Data excerpt:
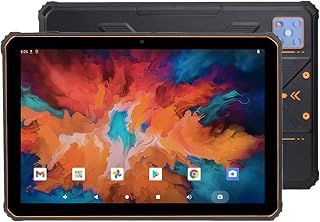 ST10-A Rugged Tablet with 2D Barcode Scanner, 10.1…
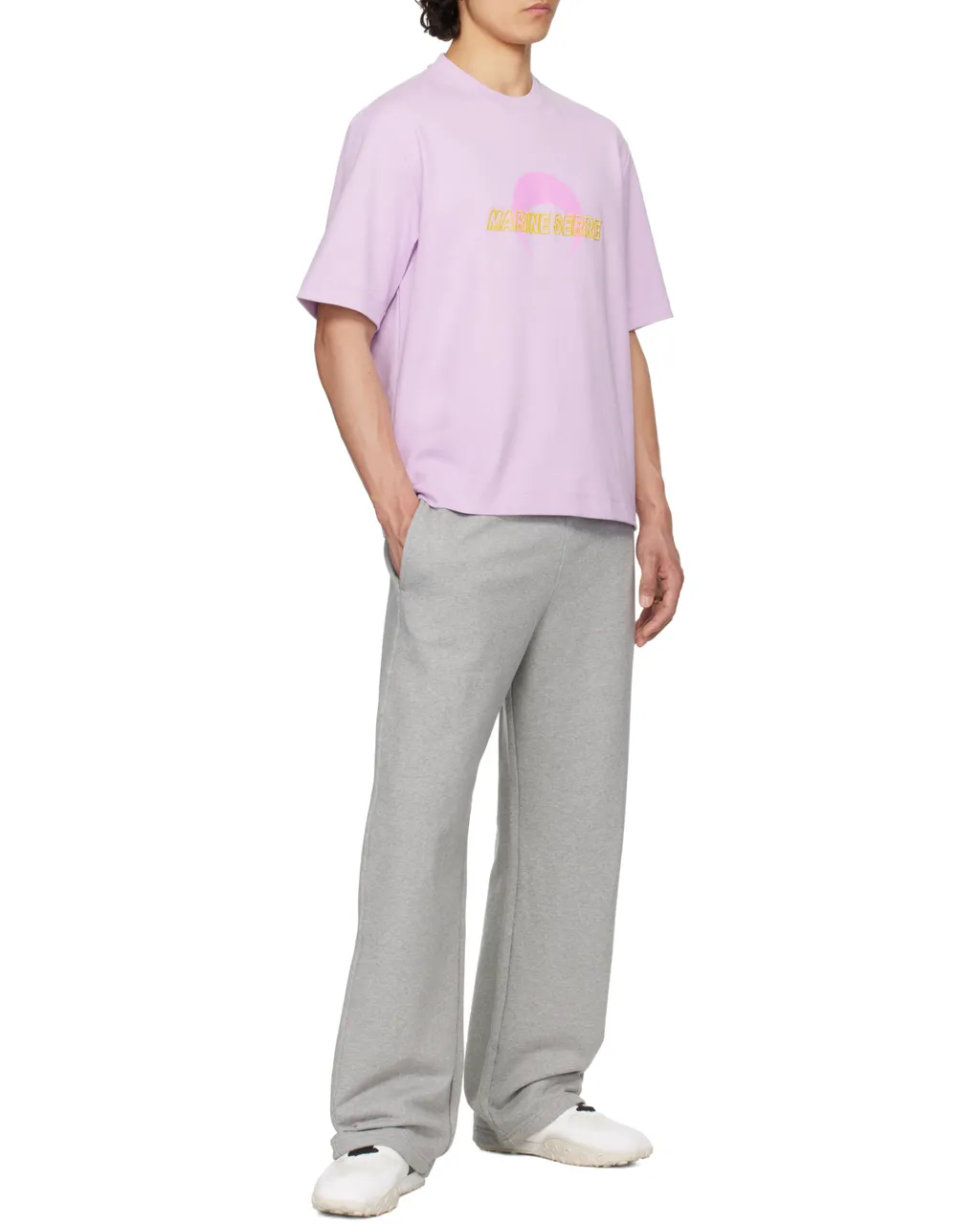 Ms Sport Jersey Relaxed T-Shirt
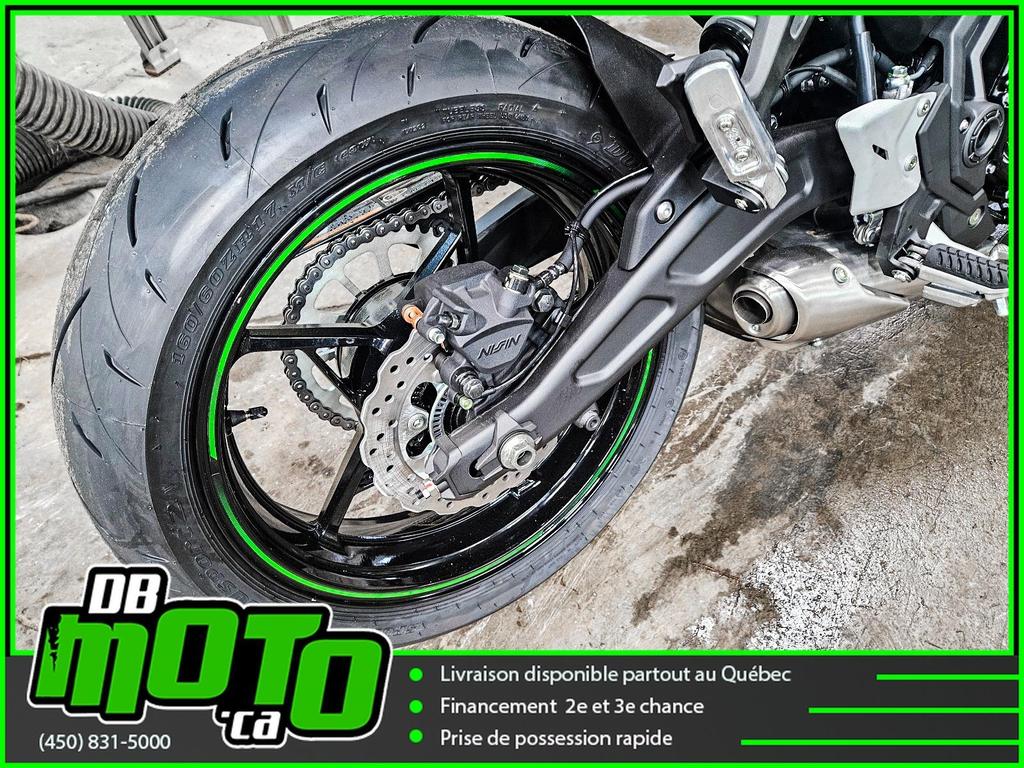 Kawasaki NINJA 650 ABS 2025 à vendre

What you will do:
Return all material verbatim, pictures omitted.

Response to this exercise:
 ST10-A Rugged Tablet with 2D Barcode Scanner, 10.1…
 Ms Sport Jersey Relaxed T-Shirt
 Kawasaki NINJA 650 ABS 2025 à vendre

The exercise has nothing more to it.